I pull out a stack and peel off five bills, then another five grand. He stops working long enough to fan through the green, smiling. Rolls it up and stuffs it in his coat pockets. Slips on a new set of rubber gloves and goes back to work. His face is filled with shame and secrets, all pushed down hard. Guess she could be in worse hands.
“Looks like you’re holing up here for a while,” I say to her. Then I turn to Eminem. “How secure is this place? You guys got people in the lobby?”
He laughs. “What the fuck do you think?”
“Don’t worry,” says the fat one. “This motherfucker is locked up tight.”
That sounds like grim death coming out of his mouth.
Good.
Bennett starts breathing a few bars of a tune I don’t recognize. Something about going too far and it doesn’t matter anyway. The words drown in the lull of her own voice, drugged and floating between worlds. I’m reminded of all the lives I could have lived. All the records I could have memorized, like any other kid. Hall and Oates. Madonna and Metallica. I could have had all of that.
But we both chose to be here, she and I.
We both chose to be our fathers.
I pull out the second of my ten Walmart phones and dial Kim’s number. Goes right to voice mail. I try a text instead. She pings back immediately. Women.
ARE WE HAPPY, BABY?
I click it quick:
WE’RE HAPPY. AREA SECURE? NEED A PLACE TO WORK.
A few seconds, and:
ME CASA, U CASA. B OUT 2MORROW @ CHECK OUT TIME.
Okay.
• • •
Four hours of sleep has officially caught up with me.
I’m going on adrenaline and diet soda.
I ask Doc for a shot of something. Need to be focused, even if I’m ghost tired. He asks if I’ve ever done speed before, and I tell him not much. A little back in the old days, when I was prepping big projects. My dad was worse. The Doc taps five white pills into the palm of his hand and tells me to be careful with this stuff. I dry-swallow three of them and chase it with a Coke from the wet bar. This place is probably good until morning, but I can’t take that chance. Two hours and I run.
Then again, maybe I shouldn’t.
Maybe I should just let them come get me. I have what they want, in a safe location.
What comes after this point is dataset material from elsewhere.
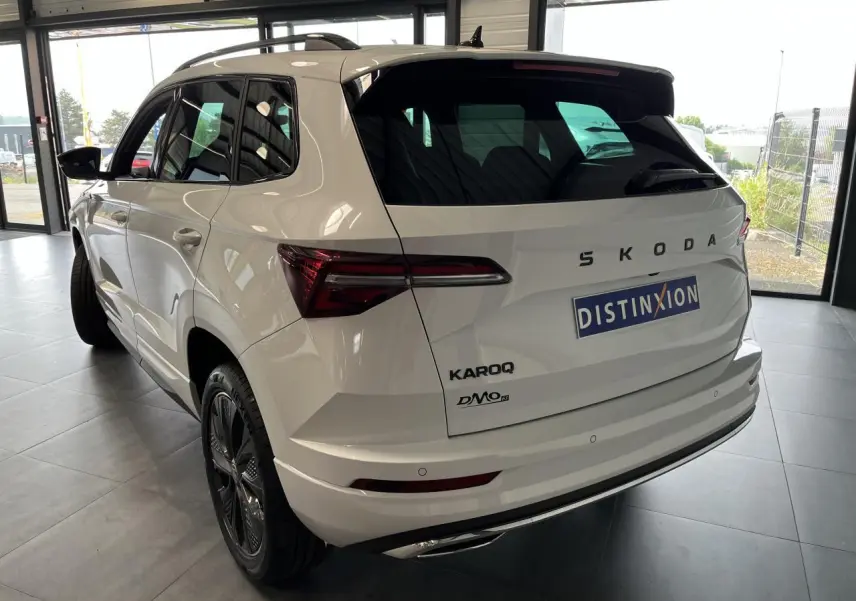 Vue 3/4 arrière droite d'un SUV SKODA KAROQ blanc 2025 avec jantes noires et hayon électrique en intérieur showroom.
I could make a deal with them.
No. Not yet. Play from strength.
Find Hartman first.
• • •
I visit the bathroom, try to get my key back, but nothing happens. While I’m in there, I stash the girl’s Colt Python under the sink.
I take the bag of weapons into the next bedroom and shove them under the bed. I throw a few things into the Gold’s Gym bag. Things I need to keep safe.
And some insurance.
I walk out of the suite with a Ruger SR9 in my waistband, tell the Zebra Force I’ll be back in ten minutes.
I walk down the hallway, every shadow an enemy.
• • •
I go back to the parking garage and get in the car, drive it out of there. I smell the city and take it in for the first time since I got here.
Houston is different from other metroplexes in America. No zoning. New York is a grid, Chicago is clusters. Houston is chaos. Gotham City, only smaller. Buildings from the forties squat shoulder-to-shoulder with brand-new high-rises. Aboveground railcars run near the bus station, a block away. They used to call it Space City in the seventies. They don’t call it that anymore. It smells like hard concrete and oil floating on top of seawater. Can’t keep myself in it for long.
I find a five-story long-term ramp two blocks away. Get a ticket from an automated meter and pick a cherry spot on a floor where all the cars are really expensive. Some inspection tags expired by a few months. Guys on extended business trips. My ride will blend in okay here.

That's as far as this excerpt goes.